6. Watch the video "Writing Real-time Games for Android," wherein you will be introduced to some key concepts around embedded and real-time software development. First and foremost, STOP DOING THINGS THAT INVOKE THE GC! Cool it with excessive + string + concatenation and start using StringBuffer. And preallocate objects to that end as well. Et cetera.
7. Intense, dude. Having developed for Blackberry, all I can do is throw my head back and laugh, laugh hard. Android is a V12 Ferrari next to Blackberry's three-cylindar commuter tin can.

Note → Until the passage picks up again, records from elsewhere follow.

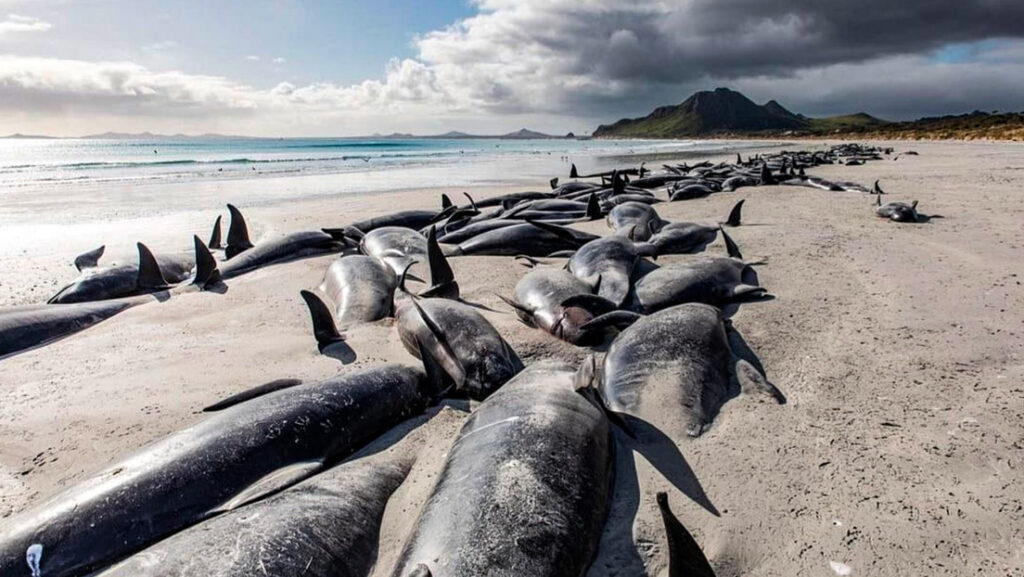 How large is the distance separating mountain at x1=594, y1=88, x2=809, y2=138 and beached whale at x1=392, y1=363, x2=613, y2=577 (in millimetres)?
157968

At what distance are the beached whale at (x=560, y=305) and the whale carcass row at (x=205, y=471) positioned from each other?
1.50 metres

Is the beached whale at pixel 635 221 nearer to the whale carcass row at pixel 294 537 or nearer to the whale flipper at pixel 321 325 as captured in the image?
the whale flipper at pixel 321 325

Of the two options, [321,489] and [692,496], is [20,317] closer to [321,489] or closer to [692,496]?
[321,489]

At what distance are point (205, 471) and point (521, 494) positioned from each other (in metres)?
1.58

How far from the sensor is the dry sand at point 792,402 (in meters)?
2.28

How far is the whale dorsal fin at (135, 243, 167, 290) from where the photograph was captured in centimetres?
684

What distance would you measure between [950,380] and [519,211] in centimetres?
749

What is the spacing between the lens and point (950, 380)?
11.2 ft

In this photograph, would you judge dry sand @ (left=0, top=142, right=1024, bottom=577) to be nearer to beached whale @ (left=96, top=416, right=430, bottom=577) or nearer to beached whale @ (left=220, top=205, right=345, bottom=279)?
beached whale @ (left=96, top=416, right=430, bottom=577)

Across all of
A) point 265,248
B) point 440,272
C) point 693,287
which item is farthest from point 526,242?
point 265,248

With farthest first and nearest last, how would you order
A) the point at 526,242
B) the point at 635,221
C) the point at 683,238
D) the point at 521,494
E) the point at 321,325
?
1. the point at 635,221
2. the point at 526,242
3. the point at 683,238
4. the point at 321,325
5. the point at 521,494

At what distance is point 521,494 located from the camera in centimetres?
217

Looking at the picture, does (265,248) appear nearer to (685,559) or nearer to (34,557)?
(34,557)

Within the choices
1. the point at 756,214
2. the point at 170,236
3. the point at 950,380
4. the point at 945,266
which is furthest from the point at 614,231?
the point at 170,236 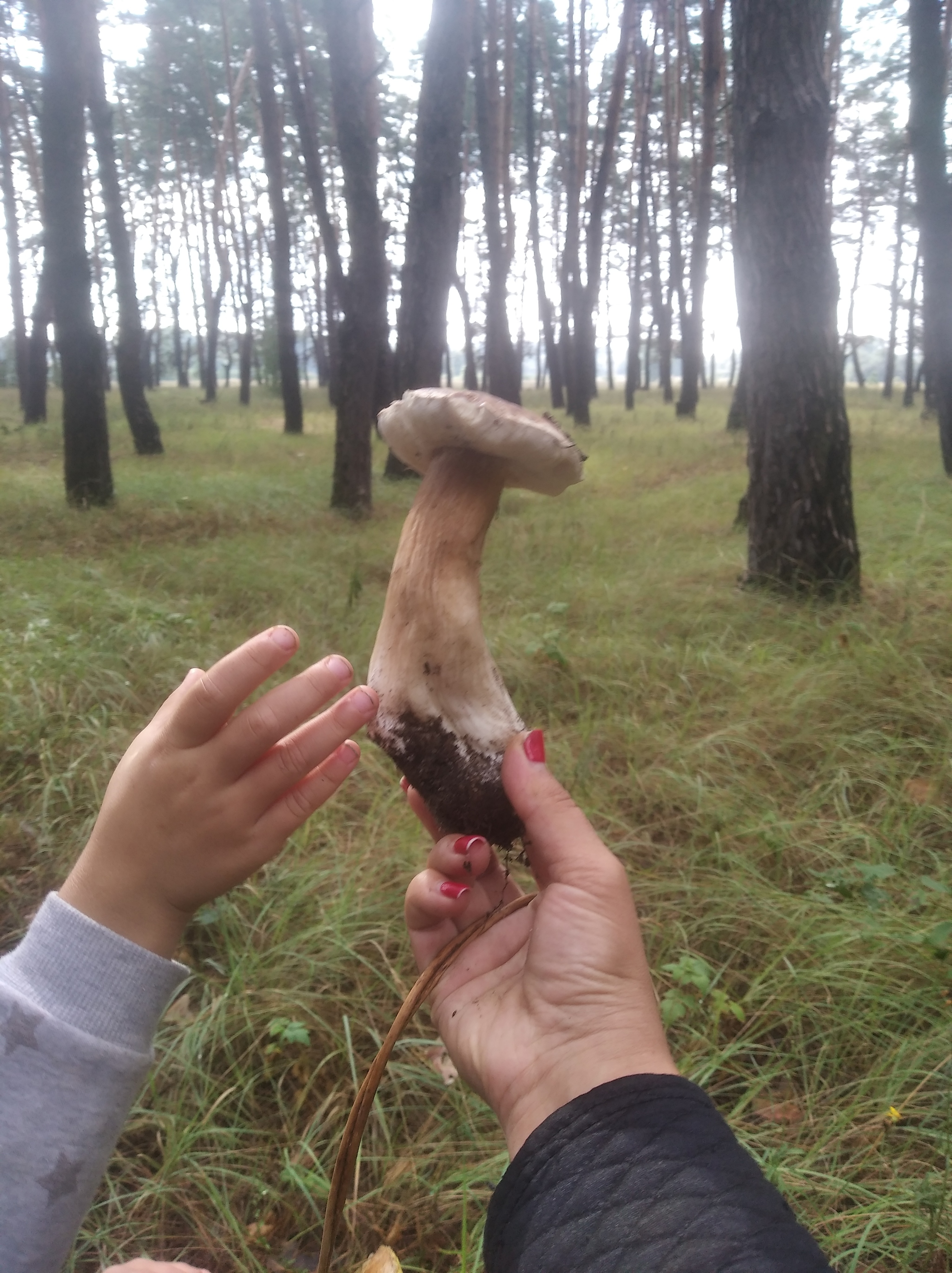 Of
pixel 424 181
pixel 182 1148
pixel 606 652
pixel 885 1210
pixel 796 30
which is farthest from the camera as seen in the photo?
pixel 424 181

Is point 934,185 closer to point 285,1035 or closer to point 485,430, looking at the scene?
point 485,430

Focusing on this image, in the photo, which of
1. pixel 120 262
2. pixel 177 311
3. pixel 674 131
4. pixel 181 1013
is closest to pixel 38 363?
pixel 120 262

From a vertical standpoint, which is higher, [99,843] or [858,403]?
[858,403]

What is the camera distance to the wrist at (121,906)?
126cm

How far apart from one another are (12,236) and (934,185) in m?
18.1

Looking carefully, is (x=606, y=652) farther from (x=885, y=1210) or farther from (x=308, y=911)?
(x=885, y=1210)

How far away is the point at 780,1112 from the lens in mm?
1675

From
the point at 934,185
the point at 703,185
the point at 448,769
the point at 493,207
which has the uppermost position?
the point at 703,185

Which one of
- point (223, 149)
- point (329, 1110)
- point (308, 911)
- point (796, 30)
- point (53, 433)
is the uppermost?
point (223, 149)

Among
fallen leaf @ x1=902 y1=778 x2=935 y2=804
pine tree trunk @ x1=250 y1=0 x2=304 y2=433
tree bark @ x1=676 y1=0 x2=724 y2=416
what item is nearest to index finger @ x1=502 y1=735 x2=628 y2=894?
fallen leaf @ x1=902 y1=778 x2=935 y2=804

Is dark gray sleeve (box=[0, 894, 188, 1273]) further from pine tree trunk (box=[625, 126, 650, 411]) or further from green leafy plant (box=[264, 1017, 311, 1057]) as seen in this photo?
pine tree trunk (box=[625, 126, 650, 411])

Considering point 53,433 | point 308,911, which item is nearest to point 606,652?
point 308,911

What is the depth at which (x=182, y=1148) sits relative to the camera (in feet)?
5.42

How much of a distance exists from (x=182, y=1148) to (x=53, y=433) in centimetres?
1291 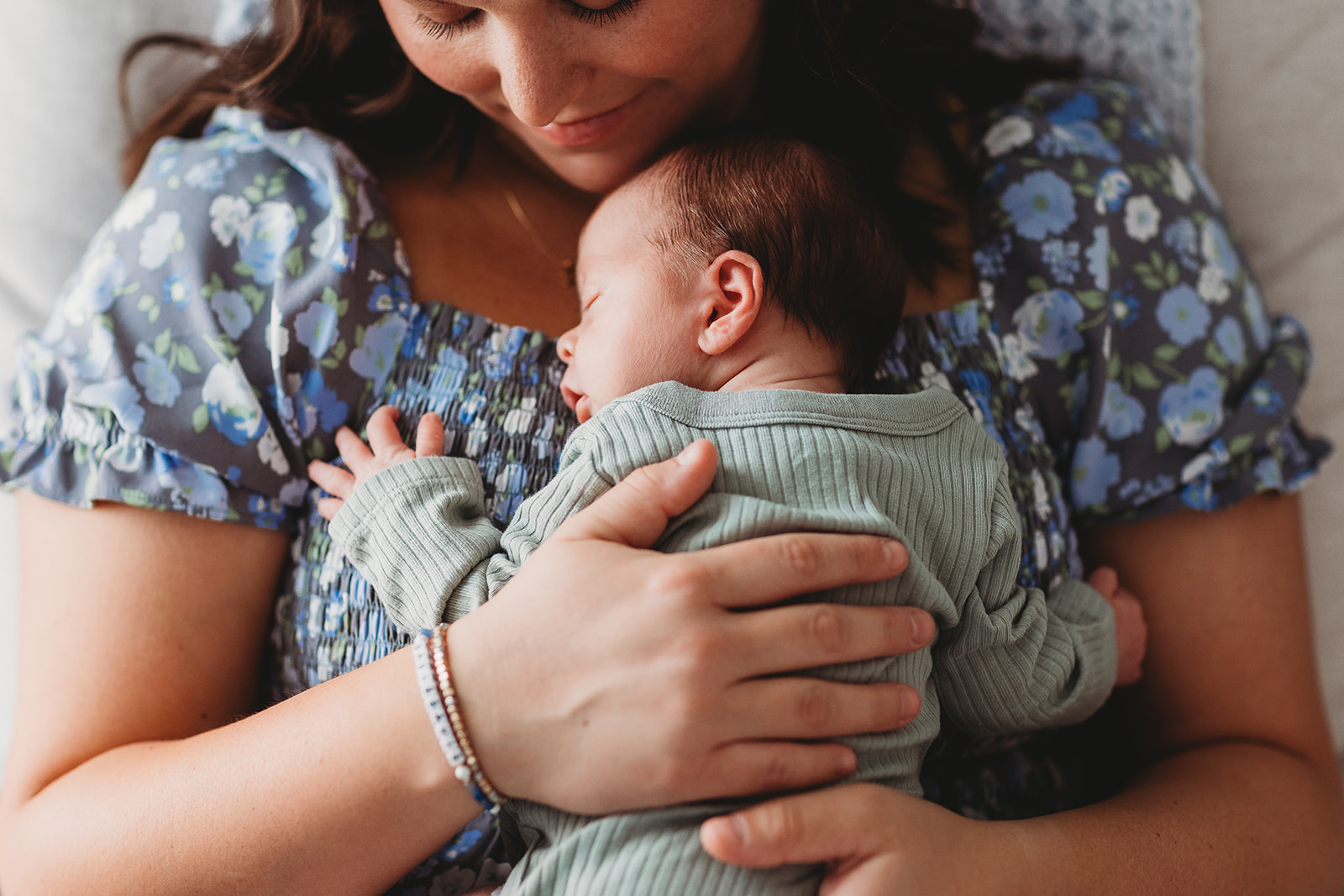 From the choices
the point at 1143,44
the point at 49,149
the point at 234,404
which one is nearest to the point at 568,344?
the point at 234,404

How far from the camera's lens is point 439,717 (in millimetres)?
830

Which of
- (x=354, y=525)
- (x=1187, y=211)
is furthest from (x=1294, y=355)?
(x=354, y=525)

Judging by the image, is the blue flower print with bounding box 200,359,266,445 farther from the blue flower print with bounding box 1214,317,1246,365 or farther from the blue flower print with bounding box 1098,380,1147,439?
the blue flower print with bounding box 1214,317,1246,365

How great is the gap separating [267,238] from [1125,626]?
1062 mm

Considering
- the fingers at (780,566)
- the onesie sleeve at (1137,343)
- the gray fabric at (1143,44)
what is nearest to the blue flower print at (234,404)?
the fingers at (780,566)

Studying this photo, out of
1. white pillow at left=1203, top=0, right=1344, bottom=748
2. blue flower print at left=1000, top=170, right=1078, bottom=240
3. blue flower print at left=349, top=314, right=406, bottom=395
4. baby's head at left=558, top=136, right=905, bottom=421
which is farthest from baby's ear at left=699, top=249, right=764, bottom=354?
white pillow at left=1203, top=0, right=1344, bottom=748

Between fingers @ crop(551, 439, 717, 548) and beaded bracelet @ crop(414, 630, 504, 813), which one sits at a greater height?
fingers @ crop(551, 439, 717, 548)

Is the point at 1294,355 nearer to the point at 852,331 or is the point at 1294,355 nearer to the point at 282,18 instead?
the point at 852,331

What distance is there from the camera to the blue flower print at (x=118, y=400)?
994 mm

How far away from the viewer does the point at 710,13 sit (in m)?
0.98

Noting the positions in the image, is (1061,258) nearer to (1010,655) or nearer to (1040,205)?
(1040,205)

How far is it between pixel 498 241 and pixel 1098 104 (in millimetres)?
823

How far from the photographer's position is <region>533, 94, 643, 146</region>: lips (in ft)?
3.48

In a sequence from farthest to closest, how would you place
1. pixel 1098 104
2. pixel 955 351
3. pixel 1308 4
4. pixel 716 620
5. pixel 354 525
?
1. pixel 1308 4
2. pixel 1098 104
3. pixel 955 351
4. pixel 354 525
5. pixel 716 620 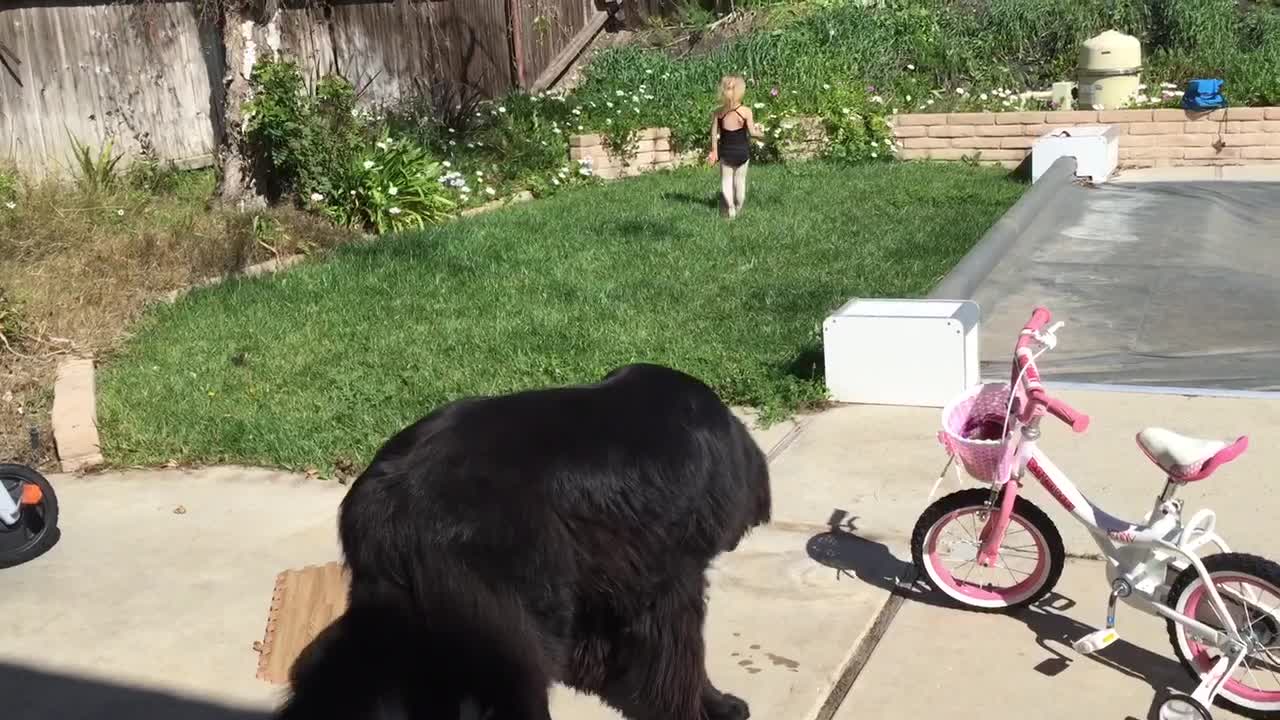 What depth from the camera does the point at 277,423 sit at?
624 centimetres

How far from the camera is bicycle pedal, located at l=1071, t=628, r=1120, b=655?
3688mm

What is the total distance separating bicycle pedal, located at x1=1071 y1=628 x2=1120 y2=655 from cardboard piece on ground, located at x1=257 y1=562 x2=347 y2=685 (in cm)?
214

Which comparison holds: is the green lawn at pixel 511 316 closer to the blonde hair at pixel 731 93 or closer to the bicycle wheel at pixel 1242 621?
the blonde hair at pixel 731 93

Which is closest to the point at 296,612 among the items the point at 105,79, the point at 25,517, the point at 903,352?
the point at 25,517

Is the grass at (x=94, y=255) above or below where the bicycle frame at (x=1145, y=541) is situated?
above

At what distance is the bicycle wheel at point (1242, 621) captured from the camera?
3.50 metres

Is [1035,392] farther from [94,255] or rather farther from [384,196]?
[384,196]

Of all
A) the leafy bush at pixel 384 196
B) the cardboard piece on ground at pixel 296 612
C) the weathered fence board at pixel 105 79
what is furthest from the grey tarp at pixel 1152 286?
the weathered fence board at pixel 105 79

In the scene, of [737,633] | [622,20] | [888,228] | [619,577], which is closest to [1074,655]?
[737,633]

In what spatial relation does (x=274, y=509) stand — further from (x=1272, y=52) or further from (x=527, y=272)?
(x=1272, y=52)

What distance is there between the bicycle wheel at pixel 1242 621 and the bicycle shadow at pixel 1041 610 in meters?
0.14

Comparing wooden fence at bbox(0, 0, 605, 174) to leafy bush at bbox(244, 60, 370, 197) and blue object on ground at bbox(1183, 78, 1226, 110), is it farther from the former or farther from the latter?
blue object on ground at bbox(1183, 78, 1226, 110)

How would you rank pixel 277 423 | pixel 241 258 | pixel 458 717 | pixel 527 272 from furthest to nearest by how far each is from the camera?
pixel 241 258 < pixel 527 272 < pixel 277 423 < pixel 458 717

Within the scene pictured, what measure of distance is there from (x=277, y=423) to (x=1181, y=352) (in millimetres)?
4683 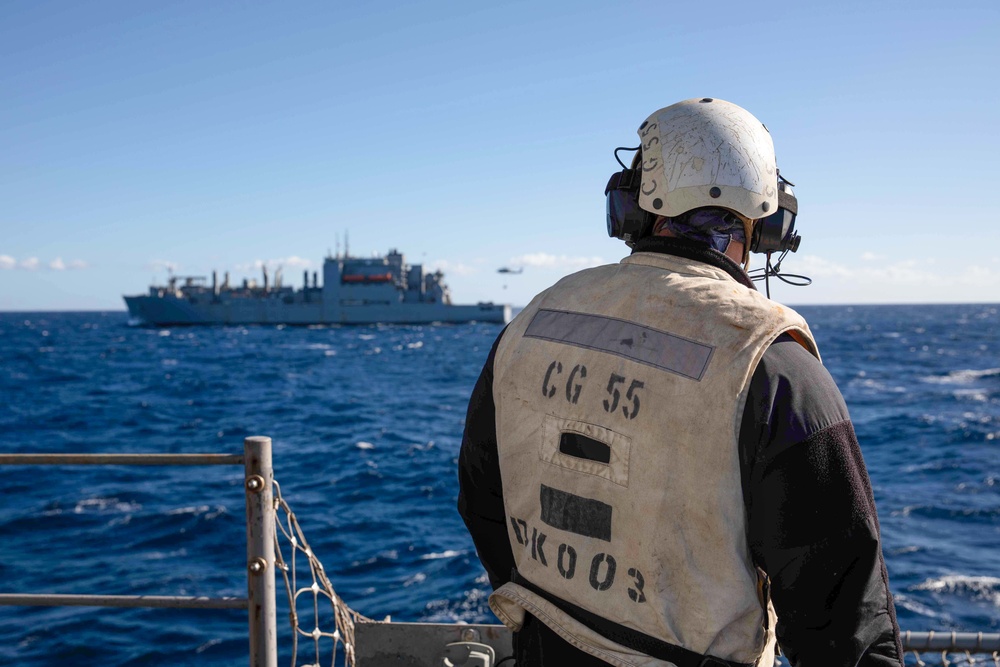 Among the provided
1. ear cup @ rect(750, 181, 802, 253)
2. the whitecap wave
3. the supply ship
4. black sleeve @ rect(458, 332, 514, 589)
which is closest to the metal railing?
black sleeve @ rect(458, 332, 514, 589)

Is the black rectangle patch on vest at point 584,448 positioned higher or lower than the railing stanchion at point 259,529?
higher

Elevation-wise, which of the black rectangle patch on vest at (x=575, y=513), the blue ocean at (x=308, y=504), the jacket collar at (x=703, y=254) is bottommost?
the blue ocean at (x=308, y=504)

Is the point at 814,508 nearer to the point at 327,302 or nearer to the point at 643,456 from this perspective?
the point at 643,456

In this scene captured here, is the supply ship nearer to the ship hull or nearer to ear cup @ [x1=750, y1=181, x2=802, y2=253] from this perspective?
the ship hull

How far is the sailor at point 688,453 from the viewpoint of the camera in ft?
3.96

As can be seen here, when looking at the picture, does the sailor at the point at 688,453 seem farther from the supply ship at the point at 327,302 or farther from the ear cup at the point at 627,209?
the supply ship at the point at 327,302

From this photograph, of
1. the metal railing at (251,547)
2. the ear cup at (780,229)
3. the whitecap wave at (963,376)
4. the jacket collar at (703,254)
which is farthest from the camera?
the whitecap wave at (963,376)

8. If you'd read Google's Android documentation, you'd realize this point was moot, thanks to the carefully spelled-out guidelines that will keep your app looking and behaving the same across various screen sizes. True that you'll have to *think* about how to handle an 8x10 format screen in your app, but that's no different than any windowed platform.
9. You start out whining about "platform fragmentation," then return to your point #1. Whatever. Platform fragmentation may, indeed, become a problem one day, but you haven't defined how that will happen, in your point.
10. If I'm not mistaken, Nexus One equals (or eclipses) the iPhone's raw computing power. 1 GHz, GPU, though low on RAM and flash comparatively. I'd rather have a platform with greater RAM, but the architecture of Android is such that it is *meant* to run on low-capability devices.
Apart from the author being a newbie, did we all misread it as not being a spoof??